Assignment:
Leaving out the images, reproduce every line of the data that follows exactly.

Given data:
BEGIN
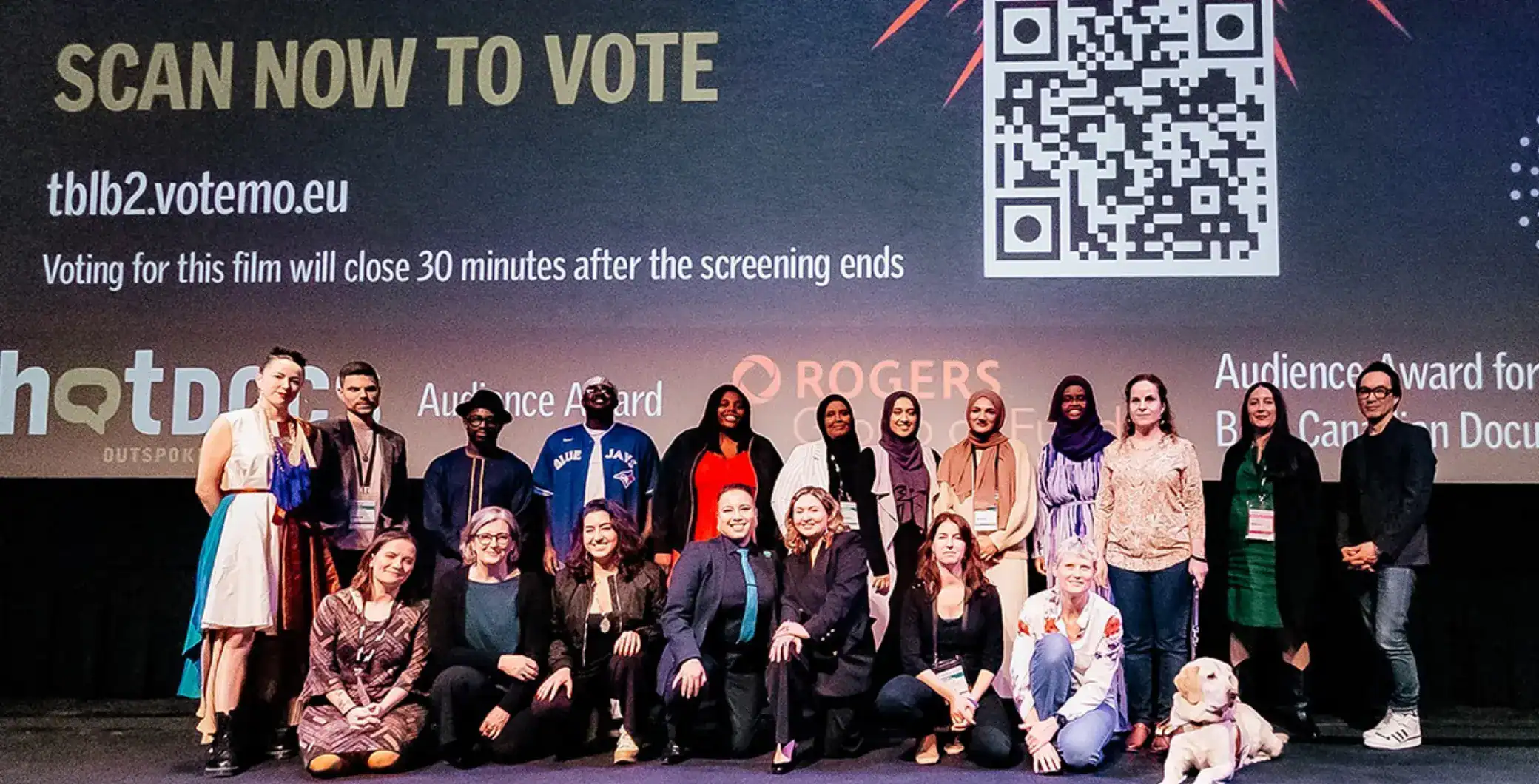 Diverse group of people on stage at the Toronto film event, highlighting inclusivity and community engagement in the Toronto film industry, with a large movie screening backdrop.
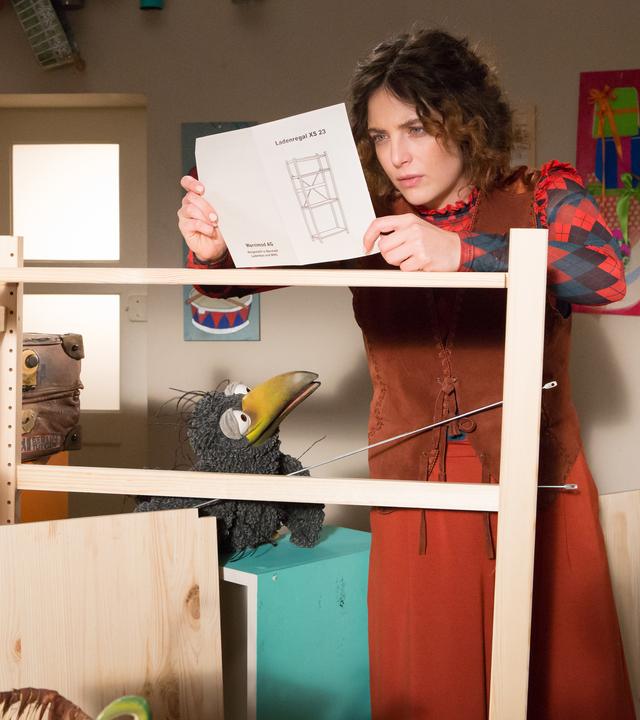 Koffer und Rudi schauen zu Siebenstein, die an einem halb aufgebauten Regal steht und nachdenklich auf eine Bauanleitung schaut.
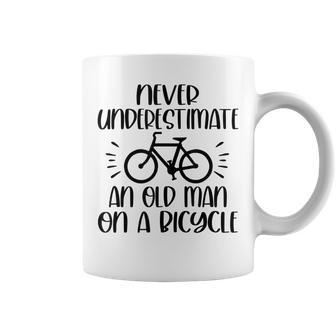 Never Underestimate Old Man On Bicycle Cyclist Cycling Coffee Mug | Mazezy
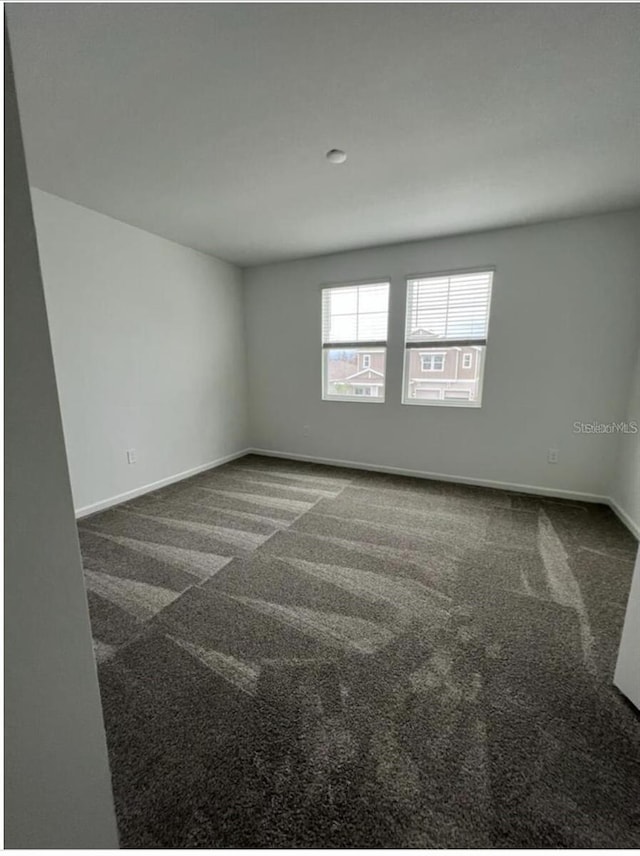 spare room with dark carpet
END
Response:
 Diverse group of people on stage at the Toronto film event, highlighting inclusivity and community engagement in the Toronto film industry, with a large movie screening backdrop.
 Koffer und Rudi schauen zu Siebenstein, die an einem halb aufgebauten Regal steht und nachdenklich auf eine Bauanleitung schaut.
 Never Underestimate Old Man On Bicycle Cyclist Cycling Coffee Mug | Mazezy
 spare room with dark carpet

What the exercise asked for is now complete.